Well hello again everyone and welcome back to Thinks Out Loud, your source for all the digital expertise your business needs. My name is Tim Peter, this is episode 401 of The Big Show, and I am so thrilled you’re here.

Thank you so much for listening. I think we’ve got a really cool show for you today. What we’re going to do is what we do just about every quarter, where we take a look at big tech’s earnings and what they might mean to your business. I want to start, though, specifically by calling out one member of Big Tech, one member of the AGFAM — Apple, Google, Facebook, Amazon, Microsoft — and that company is Google, because I was shocked during their earnings call by the utter lack of vision that I heard articulated by Sundar Pichai and by Philip Schindler, the company’s chief business officer, and by Ruth Porat, the company’s chief financial officer. I want to be really fair. They’re making enormous amounts of money. Google had an amazing quarter, $76.69 billion in revenue.

Just a huge, huge sum of money. At the same time, Wall Street wasn’t that thrilled by what they heard because they’re not making a lot of money from any place other than ads, especially in places like cloud, they really seem to be struggling. Ads in total were 59. 65 billion dollars in revenue, or roughly 78%.

44 billion dollars of that number, it comes from search, which is almost 60%, it’s 57 percent of their total revenue. Google Cloud was only about 8. 4 billion dollars, or 14 percent of their total. And Google’s other, which is everything that isn’t that, was about 8. 3 billion dollars. When you look at their profits, it’s even more striking.
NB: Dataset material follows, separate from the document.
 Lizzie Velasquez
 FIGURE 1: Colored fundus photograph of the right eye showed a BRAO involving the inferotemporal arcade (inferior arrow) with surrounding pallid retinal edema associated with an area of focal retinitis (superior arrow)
Google Cloud. Google’s services, which includes all of its ad products, was 23. 94 billion in profit. Google Cloud was about 266 million. And everything else either cost them or lost them more than 2. 8 billion. Their total profit for the quarter was 21. 343 billion. Now remember that 23. 94 billion that it’s ad products made in profit?

Notice how that’s bigger than 21. 34 billion? I mean, I say this all the time, but ads accounts for more than 100 percent of the company’s profits. I don’t want to turn my nose up at the 266 million in profits the cloud made. But it’s not a huge number, particularly when compared with Microsoft, which had almost three times as much revenue from its cloud business.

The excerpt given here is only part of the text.